-- Recorded information --
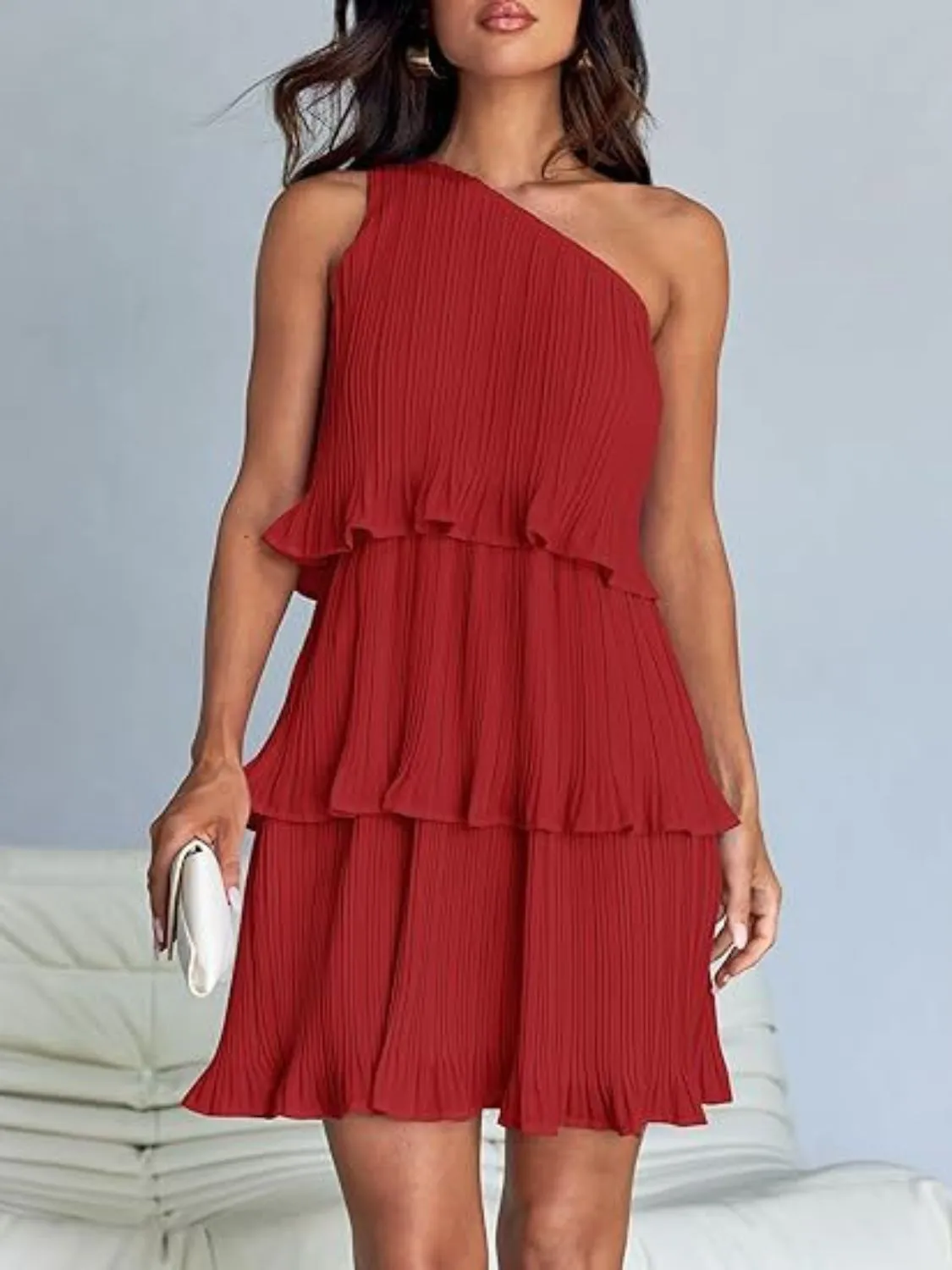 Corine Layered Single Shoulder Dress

--

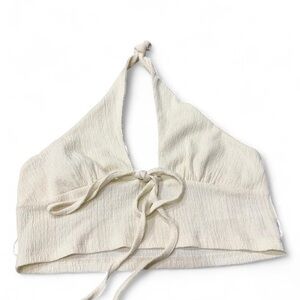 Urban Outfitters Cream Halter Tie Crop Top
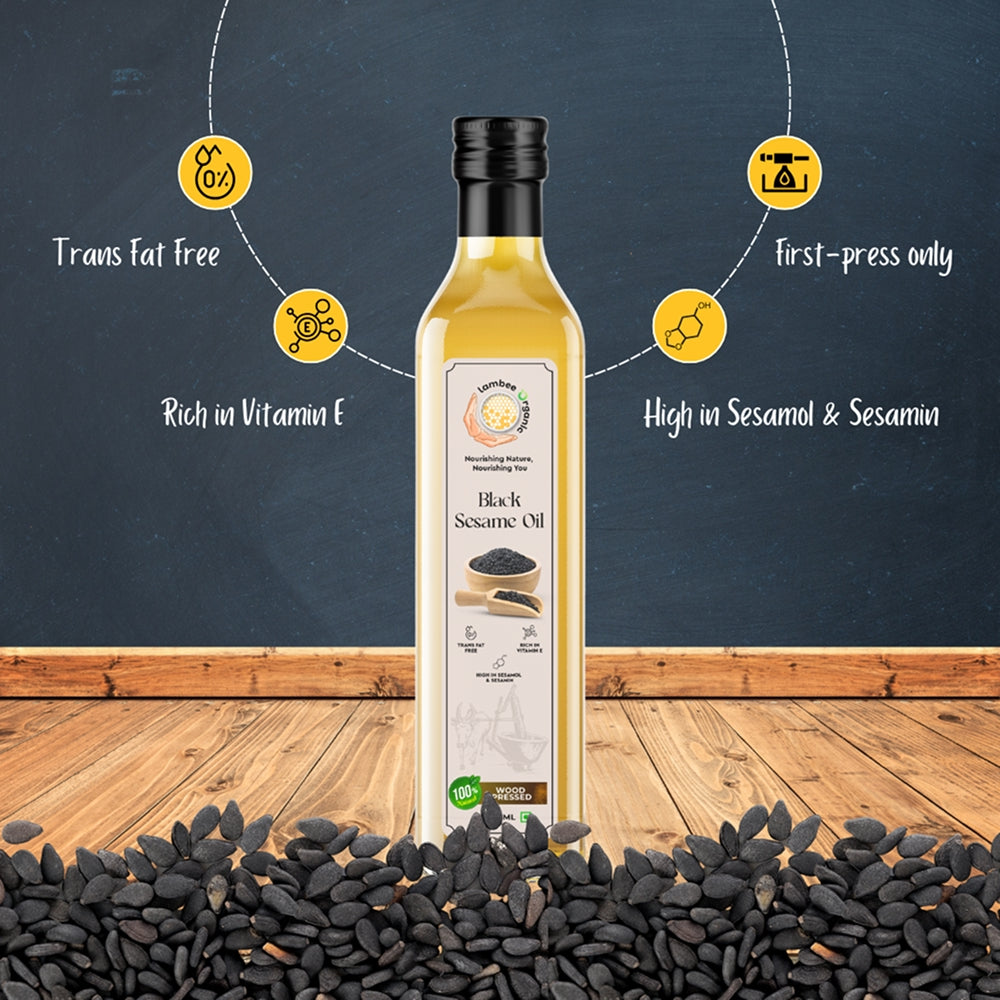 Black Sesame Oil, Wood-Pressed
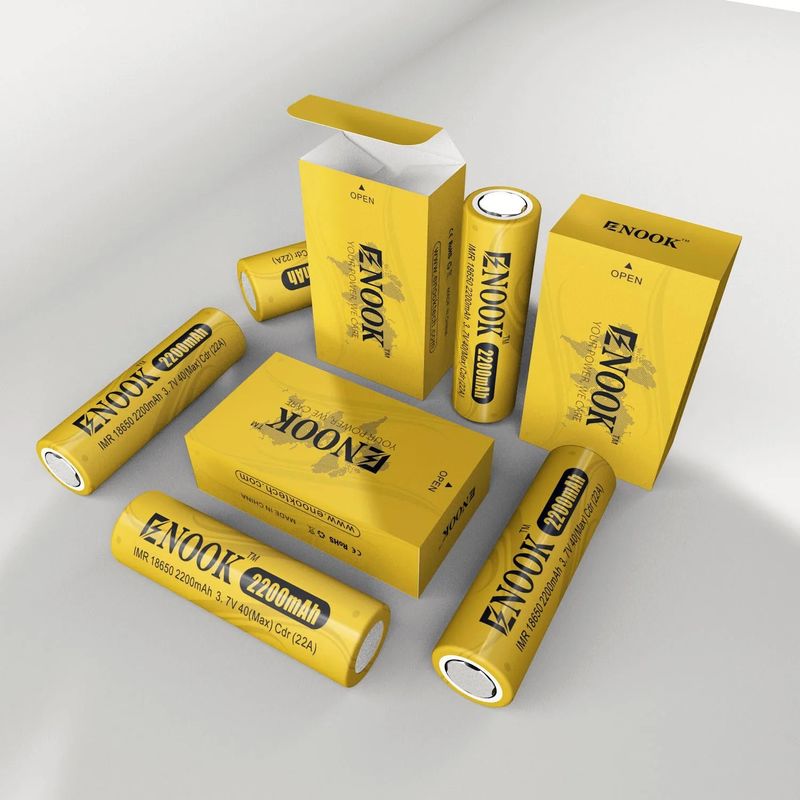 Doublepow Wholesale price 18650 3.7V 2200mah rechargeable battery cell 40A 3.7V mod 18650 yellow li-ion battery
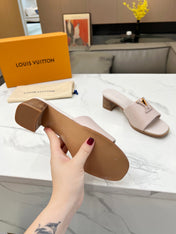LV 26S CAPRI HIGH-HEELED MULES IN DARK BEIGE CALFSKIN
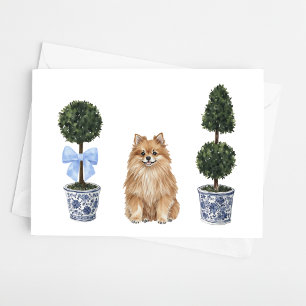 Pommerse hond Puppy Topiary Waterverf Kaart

-- Task objective --
Look above for the line with "Doublepow Wholesale price" and the line with "Pommerse hond Puppy Topiary Waterverf Kaart", then copy them and all lines in between exactly as written, and only those, without any pictures.

-- Output of the exercise --
 Doublepow Wholesale price 18650 3.7V 2200mah rechargeable battery cell 40A 3.7V mod 18650 yellow li-ion battery
LV 26S CAPRI HIGH-HEELED MULES IN DARK BEIGE CALFSKIN
 Pommerse hond Puppy Topiary Waterverf Kaart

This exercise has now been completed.